Physical Performance Test

Physical performance testing may be medically reasonable and necessary for patients with neurological or musculoskeletal conditions when such tests are needed to formulate or evaluate a specific treatment plan or to determine a patient’s capacity.

Direct one-on-one patient contact is required.

There must be written evidence documenting the problem requiring the test, the specific test performed, and a separate measurement report. This report may include torque curves and other graphic reports with interpretation.
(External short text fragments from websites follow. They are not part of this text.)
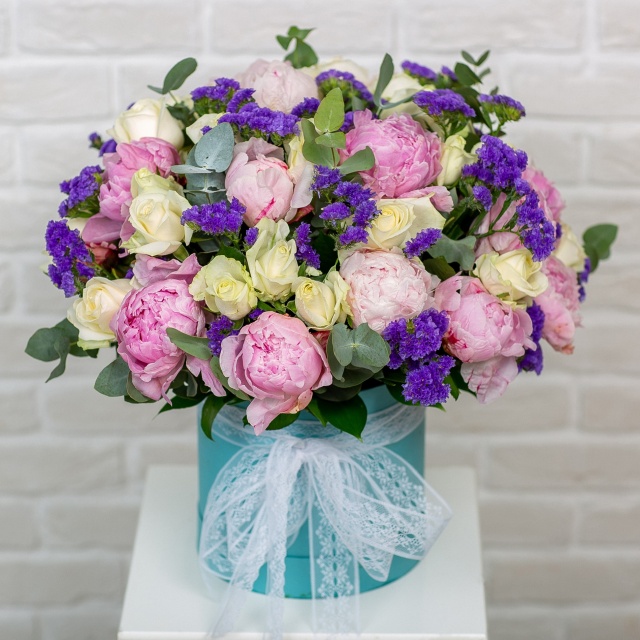 Композиция из Пионов, Роз и Статиц в шляпной коробке «Звездное небо»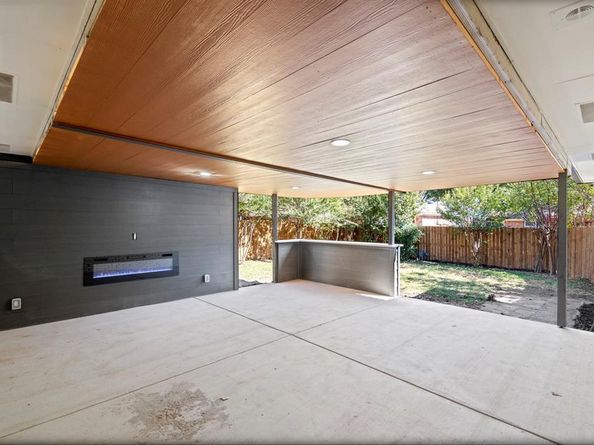 5118  Breakwood Drive , Dallas Texas 75227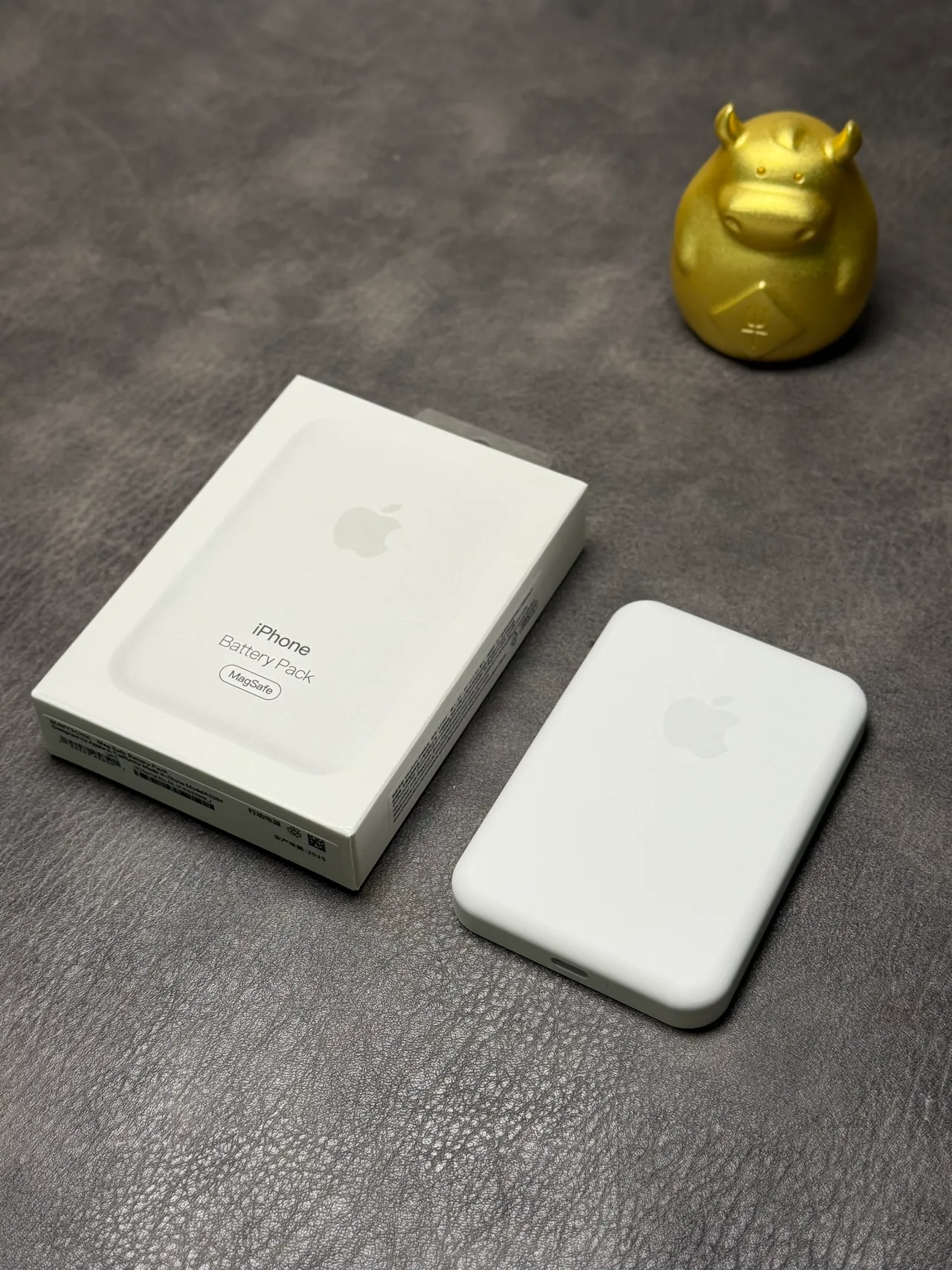 Apple MagSafe Battery Pack White Power Bank 10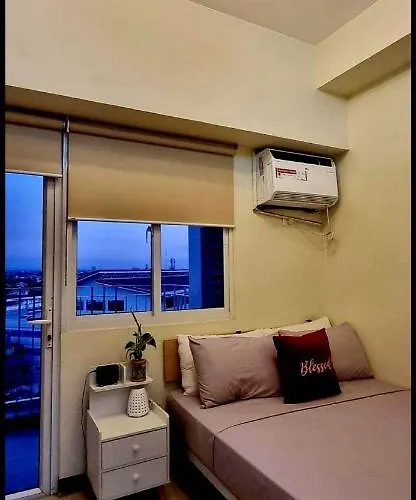 Field Smdc 1br W/ Netflix Apartment Manila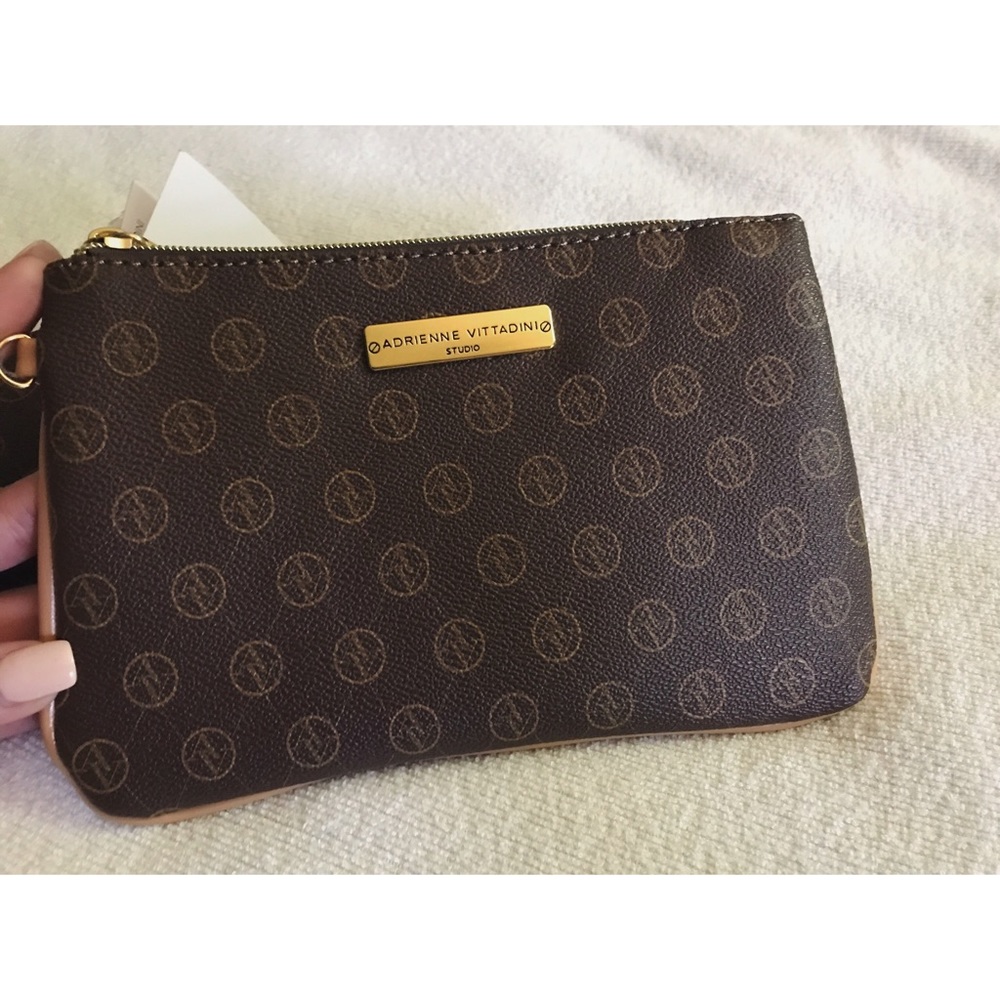 ❌SOLD❌ NEVER USED, Adrienne Vittadini wristlet - Picture 2 of 8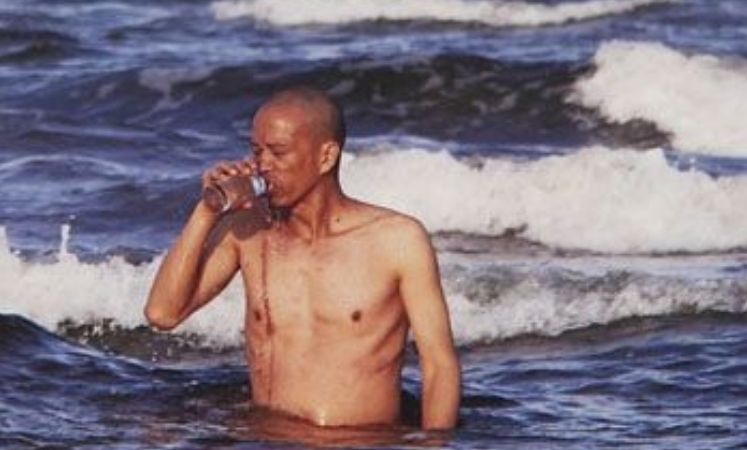 肋骨!他为艺术献身,取出一根肋骨做成项链,给最爱的5个女人戴上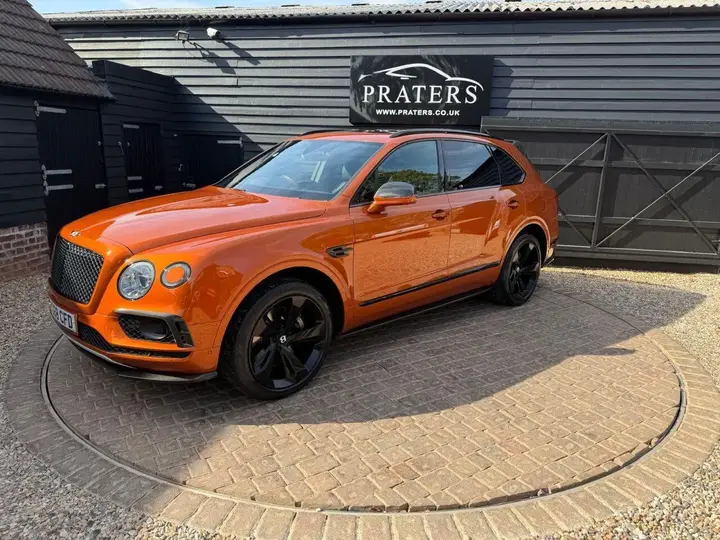 Bentley Bentayga 2018 photo 2
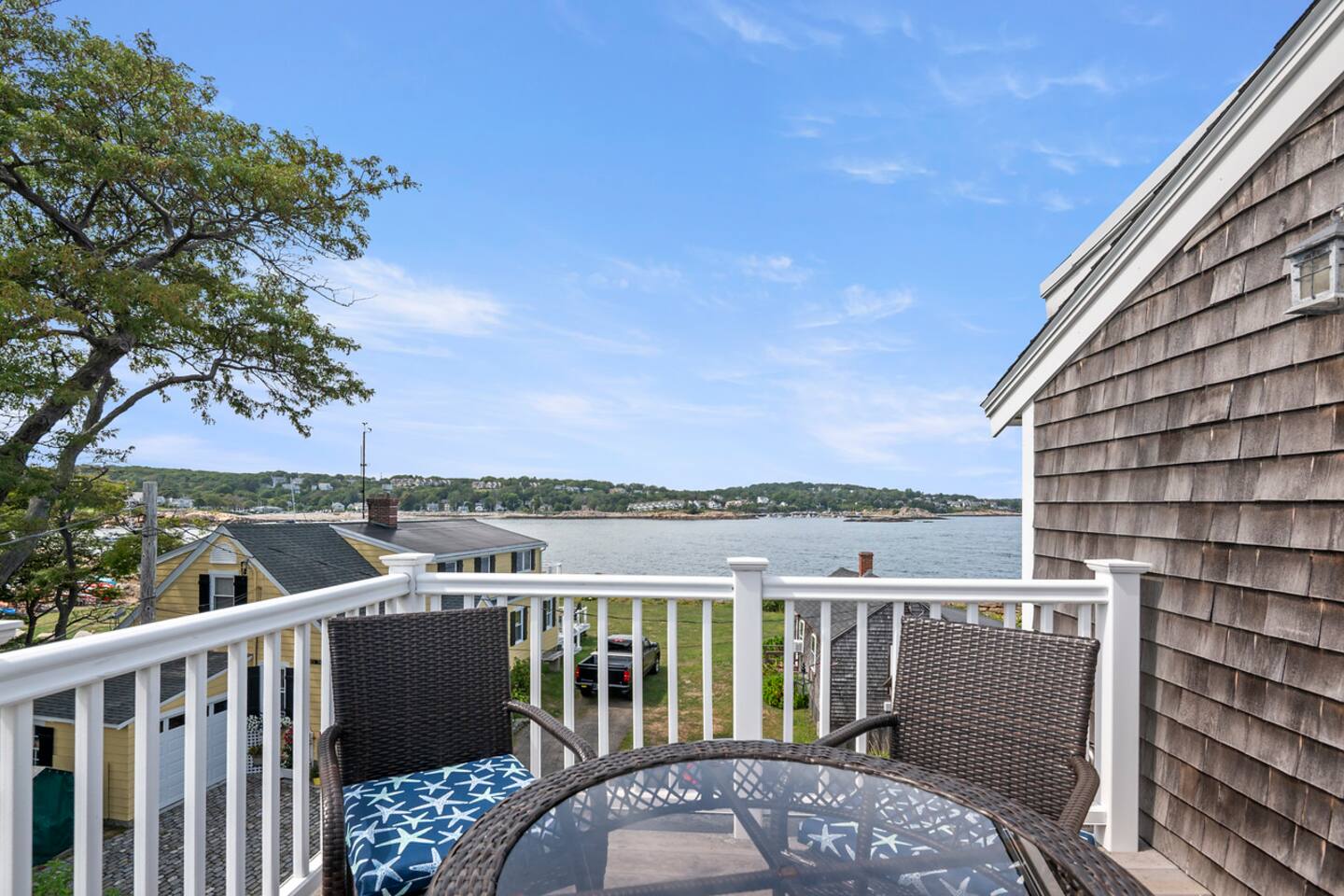 Bearskin Neck Retreat: Steps to Shops and Dining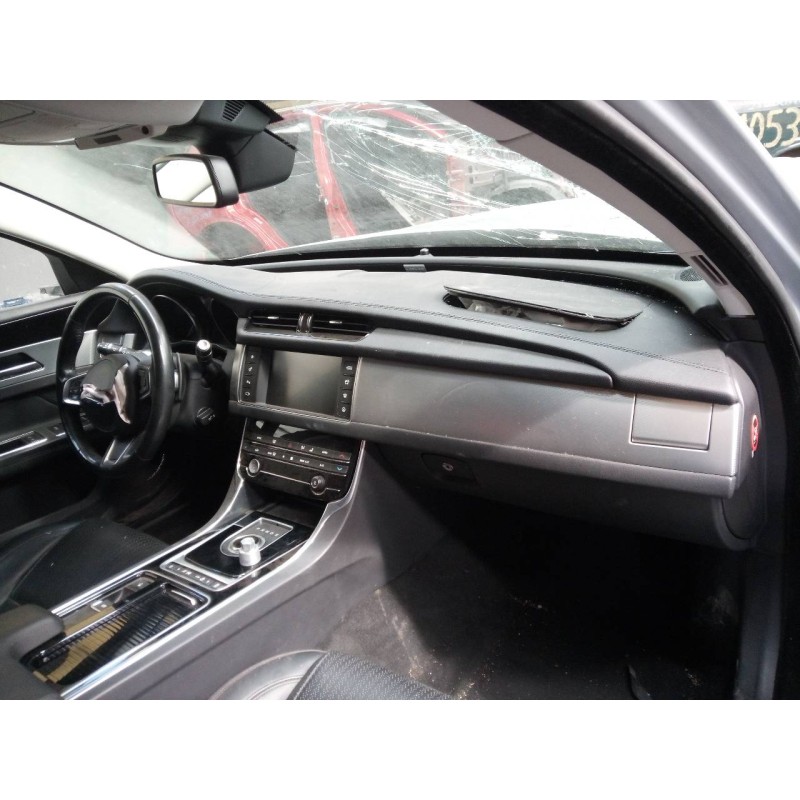 jaguar xf del año 2017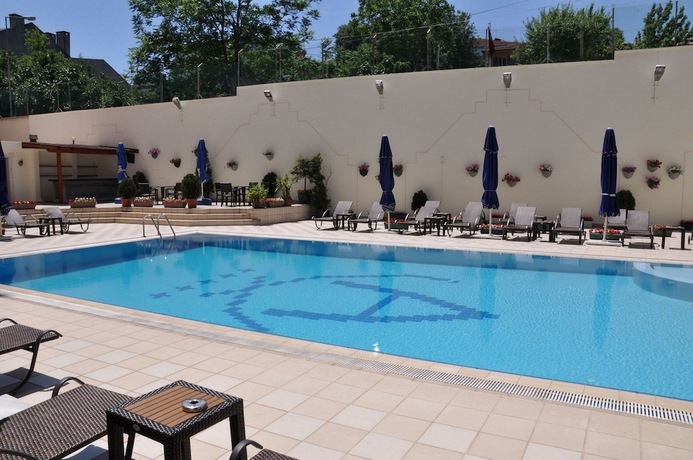 Imagen de la piscina del Hotel Akgun Istanbul, WorldHotels Crafted Collection. Foto 15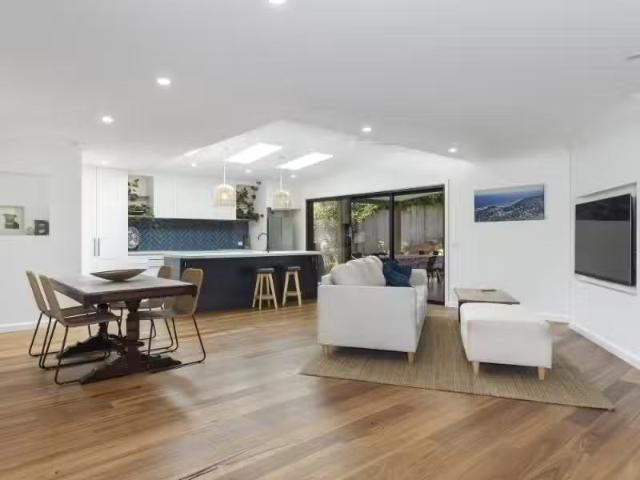 House for rent in Bateau Bay, New South Wales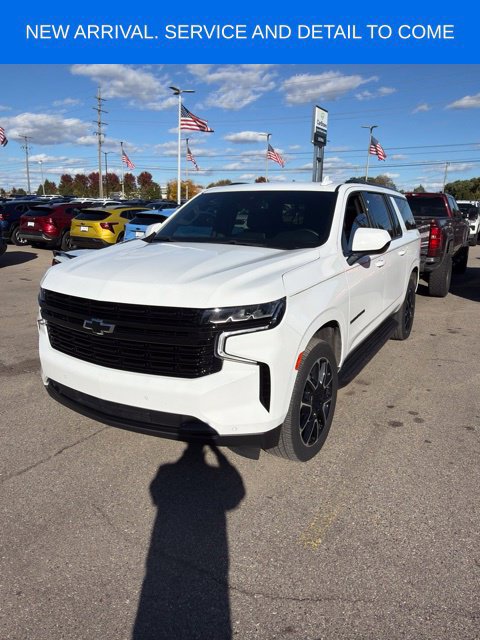 Used 2024 Chevrolet Suburban RST w/ Sport Performance Package AWD/4WD image 3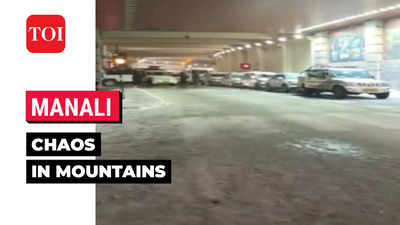As snowfall continues in Manali, 400 vehicles rescued safely from south portal of Rohtang tunnel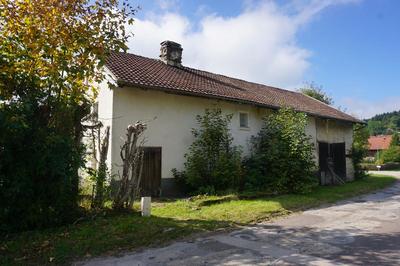 Maison - 140 m² - 8 pièces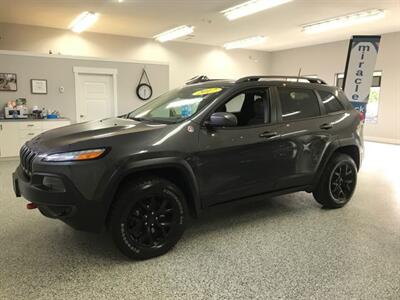 2017 Jeep Cherokee Trailhawk  Loaded with Extra Warranty until 2022   - Photo 1 - Coombs, BC V0R 1M0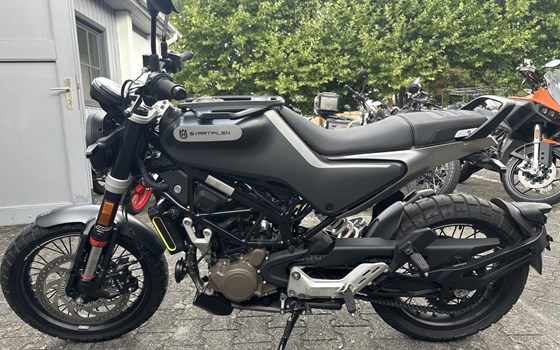 Gebrauchtmotorrad Husqvarna Svartpilen 125 - Bild 2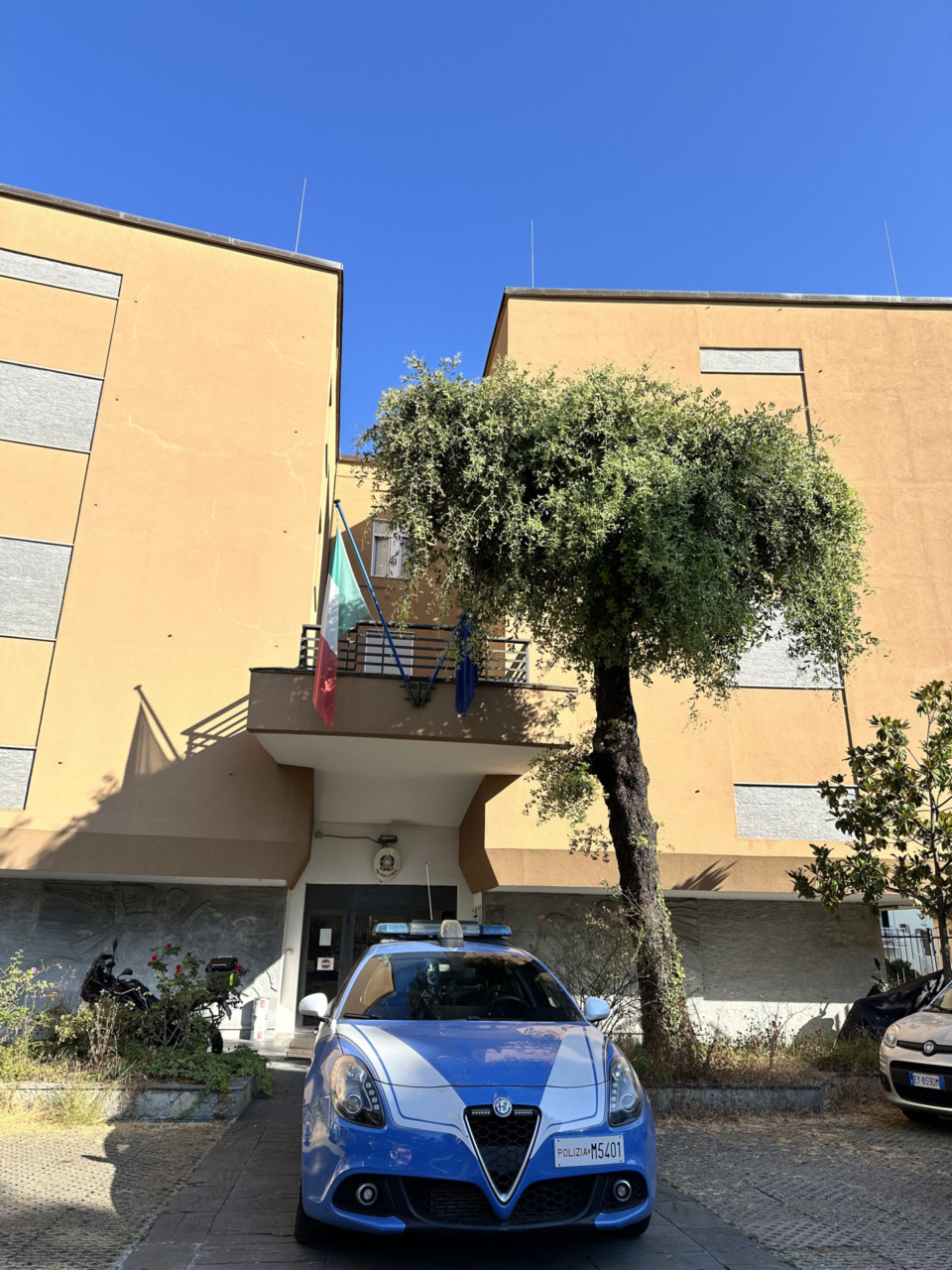 Aggressione ai poliziotti, arrestato un 42enne con un manganello telescopico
It is not medically reasonable and necessary for the physical performance test to be performed on a routine basis (i.e., monthly or in place of a reevaluation) or to be routinely performed on all patients treated.

It is not appropriate to report this service for patient assessments/re-assessments such as range of motion (ROM) testing or manual muscle testing completed at the start of care (as this is typically part of the examination included in the initial evaluation) or as the patient progresses through the episode of treatment.

Documentation must support the need for more than 30 minutes of time for physical performance testing.

Assistive Technology Assessment

Assistive technology assessment to restore, augment or compensate for existing function or optimize functional tasks requires direct one-on-one contact with the qualified professional, each 15 minutes, and a written report.

Assistive technology assessment is intended for use on severely impaired patients requiring adaptive technology. For example, a patient with the use of only one or no limbs might require the use of high level adaptive technology.

Orthotic Management and Training, Initial Encounter

The complexity of the patient’s condition is to be documented to show the medical necessity of skilled therapy to assess, fit, and instruct in the use of the orthotic. An orthotic is a brace that includes rigid and semi-rigid components that are used for the purpose of supporting a weak or deformed body member or restricting or eliminating motion in a diseased or injured part of the body. Elastic stockings, garter belts, neoprene braces and similar devices do not come within the scope of the definition of a brace. HCFA Ruling 96-1 clarifies that the “orthotics” benefit is limited to leg, arm, back, and neck braces that are used independently rather than in conjunction with, or as components of, other medical or non-medical equipment.

When consideration is made for a patient to require an orthotic, the therapist targets the problems in performance of movements or tasks, or identifies a part that requires immobilization, and selects the most appropriate orthotic device, then fits the device, and trains the patient or caregiver(s) in its use and application. The goal is either to promote indicated immobilization or to assist the patient to function at a higher level by decreasing functional limitations or the risk of further functional limitations.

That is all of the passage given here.